# [Work item]
Which of the lines in the data mention the string "Ford"? List them all.
#### Extracted material ####
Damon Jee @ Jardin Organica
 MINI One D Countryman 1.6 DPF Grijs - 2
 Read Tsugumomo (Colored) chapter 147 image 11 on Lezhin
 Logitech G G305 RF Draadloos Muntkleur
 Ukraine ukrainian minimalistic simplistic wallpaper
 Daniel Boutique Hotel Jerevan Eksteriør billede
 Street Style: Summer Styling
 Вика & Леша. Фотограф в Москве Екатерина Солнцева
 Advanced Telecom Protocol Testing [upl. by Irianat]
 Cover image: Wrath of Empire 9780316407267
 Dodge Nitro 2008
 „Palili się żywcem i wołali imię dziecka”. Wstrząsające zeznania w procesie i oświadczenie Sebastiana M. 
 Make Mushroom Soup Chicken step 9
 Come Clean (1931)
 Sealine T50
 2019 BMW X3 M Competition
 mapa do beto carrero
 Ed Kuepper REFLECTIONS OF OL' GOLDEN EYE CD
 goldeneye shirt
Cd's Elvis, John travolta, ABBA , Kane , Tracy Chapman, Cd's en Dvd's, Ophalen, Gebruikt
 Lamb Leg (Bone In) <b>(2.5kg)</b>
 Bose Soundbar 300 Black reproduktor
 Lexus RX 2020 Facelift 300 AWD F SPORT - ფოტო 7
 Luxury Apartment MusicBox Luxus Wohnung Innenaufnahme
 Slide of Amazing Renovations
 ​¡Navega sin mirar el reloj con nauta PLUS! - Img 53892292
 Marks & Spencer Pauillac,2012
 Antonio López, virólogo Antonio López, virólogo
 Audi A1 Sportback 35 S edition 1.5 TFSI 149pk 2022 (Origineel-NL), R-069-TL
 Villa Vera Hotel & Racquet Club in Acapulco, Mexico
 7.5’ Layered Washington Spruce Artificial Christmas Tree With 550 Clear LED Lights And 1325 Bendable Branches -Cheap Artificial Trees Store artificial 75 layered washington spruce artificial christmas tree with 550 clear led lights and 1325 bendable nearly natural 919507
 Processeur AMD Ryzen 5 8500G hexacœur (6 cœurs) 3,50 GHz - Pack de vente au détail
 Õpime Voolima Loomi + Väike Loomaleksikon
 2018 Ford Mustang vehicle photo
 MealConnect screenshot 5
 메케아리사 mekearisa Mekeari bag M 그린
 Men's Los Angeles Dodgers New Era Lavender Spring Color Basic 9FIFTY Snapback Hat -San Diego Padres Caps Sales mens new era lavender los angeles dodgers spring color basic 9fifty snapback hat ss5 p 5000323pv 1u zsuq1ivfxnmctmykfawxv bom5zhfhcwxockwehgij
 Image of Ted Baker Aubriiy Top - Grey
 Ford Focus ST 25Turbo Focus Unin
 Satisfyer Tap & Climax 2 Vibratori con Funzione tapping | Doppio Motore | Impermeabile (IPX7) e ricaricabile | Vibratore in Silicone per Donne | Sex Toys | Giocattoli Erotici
####
# [Output of the exercise]
 2018 Ford Mustang vehicle photo
 Ford Focus ST 25Turbo Focus Unin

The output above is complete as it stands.